Despite that low unemployment rate, the median income in the city has dropped, from $137,700 annually to hold steady at $111,600 for the last two years.
Wilson, who brought the crowd to applause several times during his speech, quoted his parents, saying, "Romance without finance just won't make it."
"San Ramon has always had a realistic budget," he said, even though the 2010-11 budget drew $2.1 million from its reserves. That's because San Ramon spent $37.6 million while collecting $35.5 in revenues, a three-year low, down from $41.1 million in 2008-09. Expenditures are also down, although not as much, from $39 million in 2008-09 to the current $37.6 million.
Wilson outlined a number of steps the city has taken to keep itself solvent in troubled economic times. For instance, while other localities are beginning to worry about pensions liabilities that continue to grow, San Ramon solved its problem with a $17.6 million bond issue.
"We continue to look constantly about how to bring expenditures down," Wilson said, comparing the bond with a mortgage that will ultimately be paid off, as opposed to paying the minimum payment on a credit card, which he implied is how other cities are dealing with pensions.
Also regarding pensions, he said, "We're making sure there's no spiking when people retire."
Wilson drew applause when he talked about the city's AAA bond rating and San Ramon's certificate of achievement for excellence in financial reporting.
Regarding expenditures, he pointed out that more than 27 percent of San Ramon's budget is spent on police; that percentage has increased steadily over the last three years.
"What good is a community if you don't feel safe?" he asked the crowd. Crime in San Ramon is down 3 percent from 2009-10, he said.
Public service expenditures have been cut to 22.6 percent of the city's budget and spending on parks and community services is down "1.2 percent in the last three years," Wilson said. Although the city already has 54 parks totaling 359 acres, it's set to open a "Park and Bark" -- combination park-and-ride facility and dog park -- this year.
The city has had a hiring freeze since 2008 and a pay freeze since last year; with budget problems continuing, it may consider furloughs and salary reductions in the future.

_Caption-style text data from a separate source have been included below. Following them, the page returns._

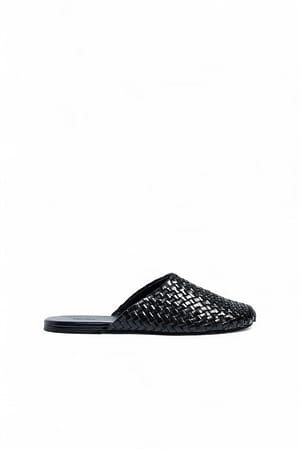 Black Geweven leren sliders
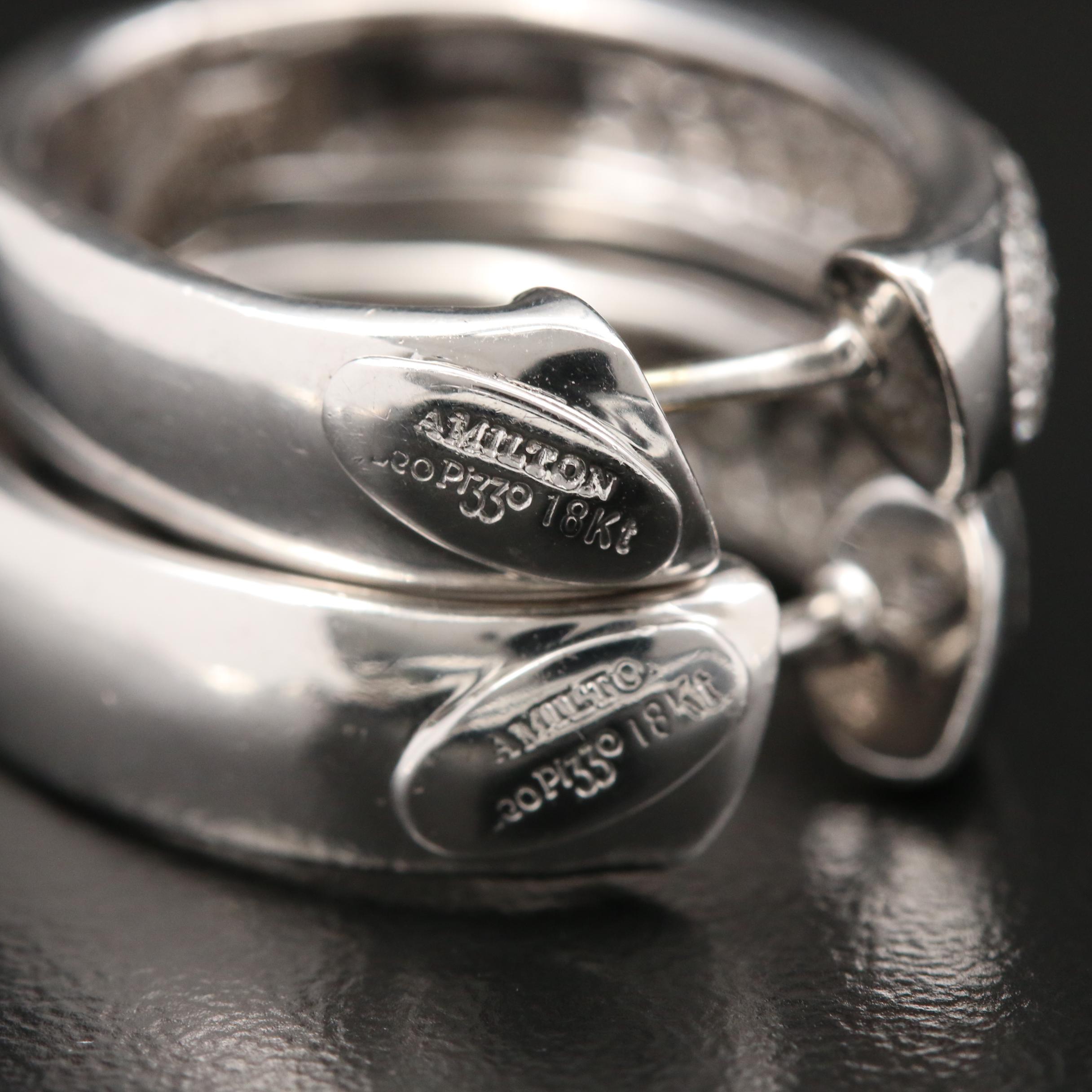 Leo Pizzo 18K Diamond Oval Hoop Earrings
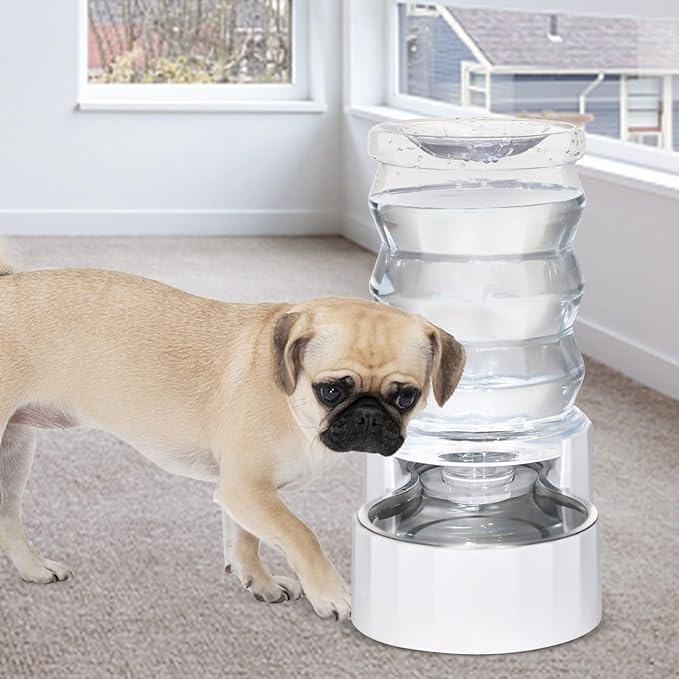 RIZZARI Automatic 7L Pet Waterer,Gravity Stainless Steel Water Dispenser, 100% BPA-Free, Large Capacity Water Feeder for Cats and Medium and Large-Sized Dogs (White,7L)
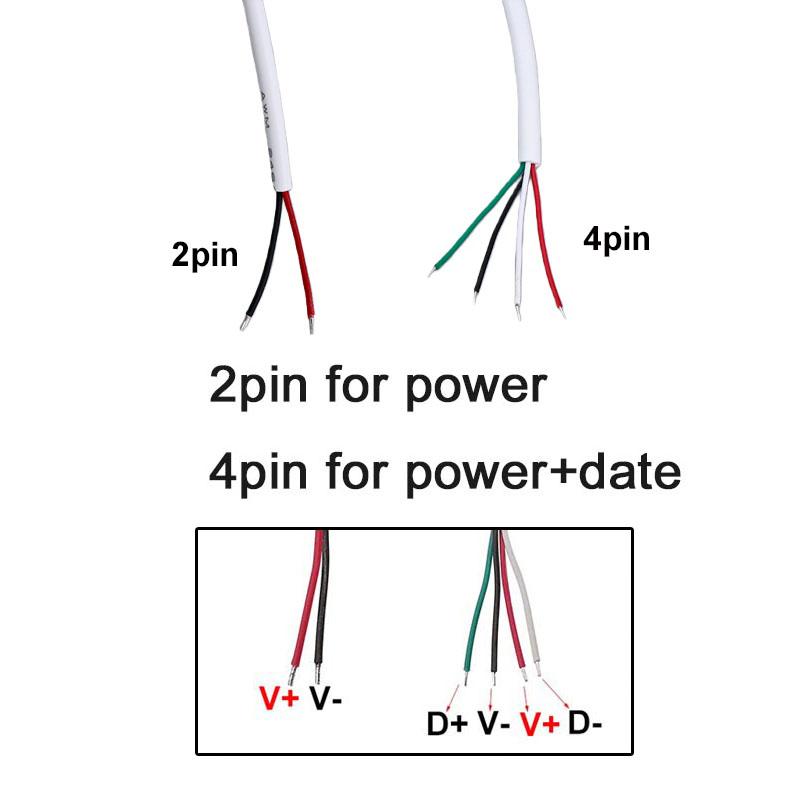 2pin 4Pin 5V USB 2.0 Power Supply Cable Female Male Jack Charging Extension Connector Wire white 0.3m 1m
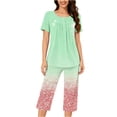 thumbnail image 4 of Tnhcen 2 Piece Women's Tie Dye Short Sleeve Lounge Pajamas Set Capri Pants with Pockets Homewear S-3XL, 4 of 6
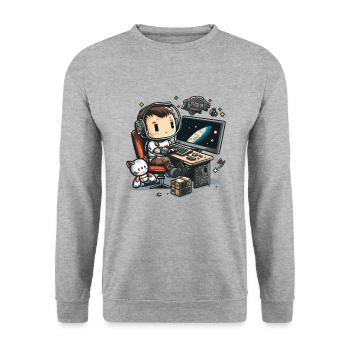 Kosmische Kodierung - Unisex Pullover - Weißgrau meliert - Vorne - Alina (178cm) & Michal (187cm)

It's also taken a legal step to keep the state from raiding its coffers, by encumbering funds -- essentially earmarking them for departments rather than leaving that money in its general fund.
San Ramon has replaced its incandescent street lighting with LED lights, which will save the city money and has an added benefit, according to Wilson, who said, "When you look up, you can see the stars."
The city also expects to save 15 to 30 percent on its water bills after bringing a new computer system online.
Wilson's speech also highlighted:
* A 30- to 50-year partnership with schools, collaborating on after-school programs, and sharing use of the Dougherty Valley Theater and gyms;
* City lights volunteers. With 1,800 volunteers contributing 18,000 hours of services, Wilson said they've saved San Ramon $375,000;
* The city's new traffic light system, which should mean fewer red lights for drivers on Crow Canyon and Bollinger Canyon roads;
* Work on San Ramon's downtown;
* Collaboration with Contra Costa County and Diablo Valley College on library services, giving San Ramon the highest circulation in the county; and
* The city's climate action plan, which Wilson said is a model for other cities.
Wilson also defended some hot-button issues. Regarding the North Camino Ramon Specific Plan, which has come under fire by some slow-growth advocates and at least one small business owner, he said, "Let me go on the record and say we support all the businesses in San Ramon," explaining the NCRSP "is just a plan" so development doesn't happen haphazardly.
He said the city may consider reenacting Ordinance 197, which blocks development on San Ramon's hills, after the defeat of Measure W, which city officials said would have given them -- not the county -- control over development. Wilson raised the possibility that Measure W could be reintroduced in the future.
The mayor also again defended the salary of retiring City Manager Herb Moniz, who made nearly $359,700 last year, with help from resident activist Roz Rogoff, who prepared a chart comparing Moniz's salary with other city managers and concluding that the city manager costs about $5.69 per resident per year, considerably less than Danville, at $10.58 annually per resident but more than Tracy, at $5.22 a year.
In closing, Wilson noted he terms out this year.
"This is my last 'State of the City' (address) as mayor," he said. "It's been a great eight years."
That brought the crowd to its feet for a standing ovation.